Chapter 42 : The Lab
Day twenty-six dawned with the Russian ships still holding their perimeter.
They'd made no aggressive moves since establishing position — no landing attempts, no direct fire, just the constant presence of three vessels circling our sanctuary like sharks waiting for blood in the water. Slattery's intelligence suggested they were waiting for the main fleet, content to contain us until overwhelming force arrived.
We'd bought time. Now we needed to use it.
"Production efficiency is up twelve percent," Rachel announced at the morning briefing. Her voice carried the slightly manic energy of someone running on caffeine and determination. "First batch of viable doses completed. We're vaccinating facility personnel starting today."

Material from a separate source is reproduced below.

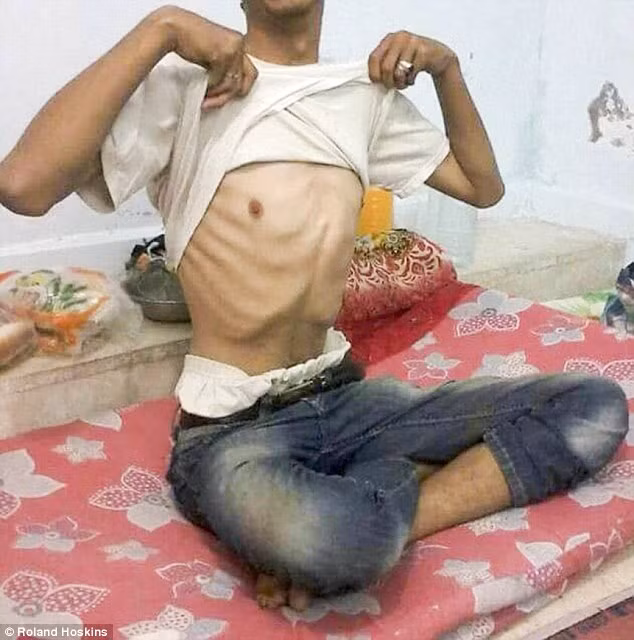 Canh tre nho chet doi dau long tai TP Deir Ezzor, Syria-Hinh-7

"How many doses?" Chandler asked.
"Eight hundred seventeen. Enough for everyone currently at Guantanamo, with reserves for newcomers." She pulled up a projection. "Second batch will be ready in forty-eight hours. Third batch in another forty-eight after that. We can sustain production at this rate indefinitely if supplies hold."
"And if they don't?"
Rachel's eyes flicked to me briefly. "We're exploring alternative synthesis methods."
Chandler didn't ask what that meant. He'd learned not to ask questions that might have answers he couldn't officially acknowledge.
"Distribution priorities," he said instead. "Medical personnel first. Then critical facility staff. Then general population. Dr. Scott supervises the medical aspects. Calloway—" He paused. "Continue supporting production operations."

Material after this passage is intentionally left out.